Wednesday, November 03, 2021

Selective Mercies



“The trick, as always, the key to human success and domination, is to be selective in your mercies.” Ian McEwan, Saturday


I haven’t had time to write anything new for the Balcony. Semi-retirement is busy, a different routine, but still a routine. One thing that has changed is the way I wake up in the morning. No alarm, for one thing, and no rolling out of bed like a soldier roused from sleep. Even when I work until 10:30, p.m., I wake up between 6:00 and 7:00, but now I have the luxury of laying in bed until I’m fully awake. I usually stretch and flex my feet, and then perform eye exercises, glancing from left to right, right to left, up and down, and then rolling them one way and the other. I don’t know if these daily exercises provide any benefit for my vision, which is wonky to begin with, but they feel good. Then it’s off to the bathroom. 

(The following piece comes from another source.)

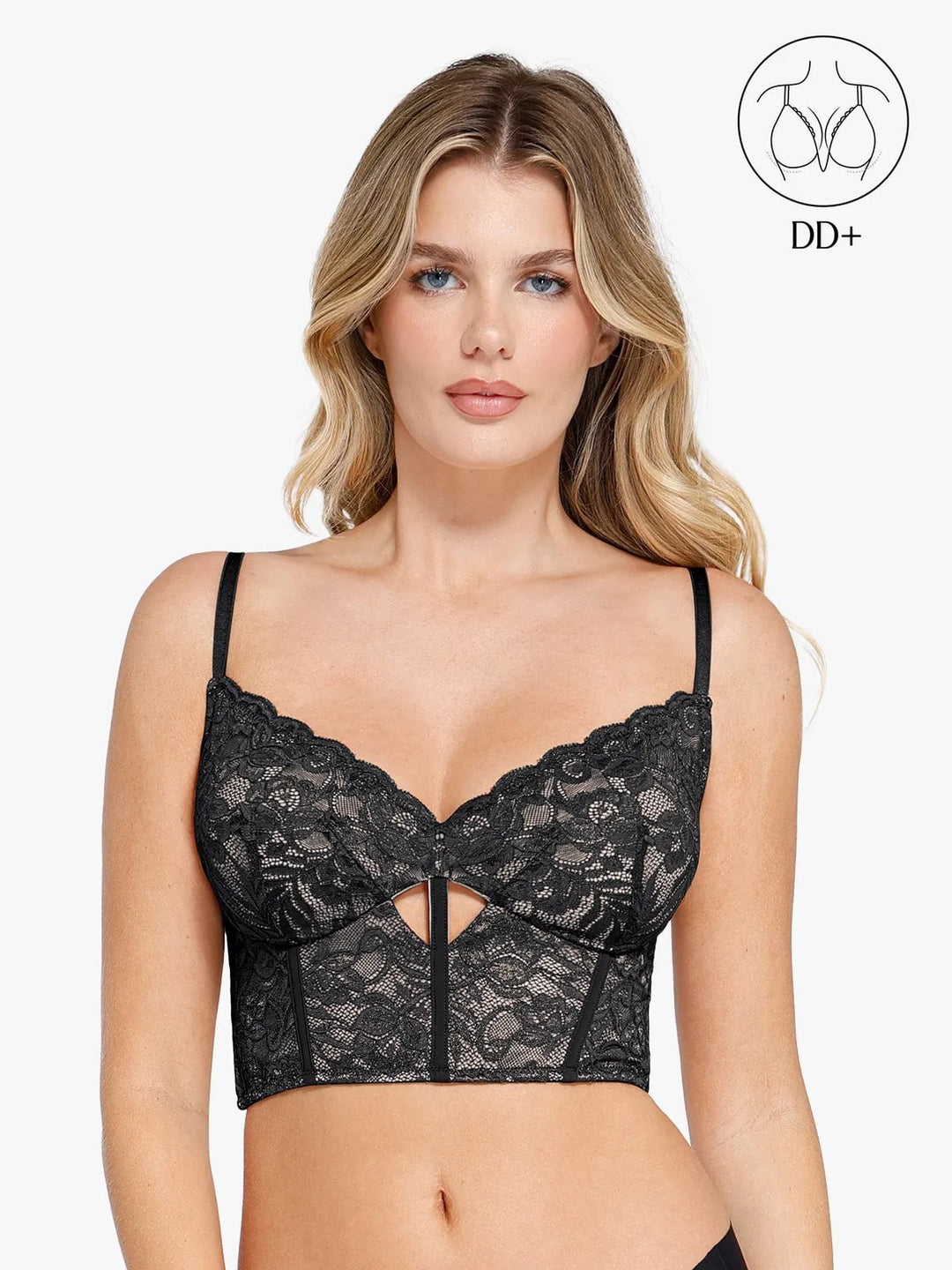 Popilush® Cami Crop Top Bra Top / Black / XS Shapewear Lace Corset Bra or Slimming Midi Wrap Skirt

There’s something optimistic about brewing a pot of coffee, pouring that first cup. I’m sure I drink too much of the stuff, just as I drink more wine than is good for me. I sit down at the dining room table with my laptop and notebooks, read some news and watch a few videos on YouTube. Like coffee and wine, I know I need to reduce, if not eliminate, my consumption of political news; it puts me in a foul, defeatist and bitter frame of mind which sometimes stays with me for several hours. We’re living in an age of idiocy, of treason, of cruelty, of misplaced anger, of political malfeasance, of endemic corruption and stupidity. No samaritan is coming to winch us out of the ditch. As Hunter S. Thompson would say, we’re well and truly fucked. I wrote here after Trump’s defeat that at best all Joe Biden will be able to do is slow the slide. The Democrats are on course to lose the House and possibly the Senate in 2022, which could very well pave the way for a return of the Orange Menace in January 2025. 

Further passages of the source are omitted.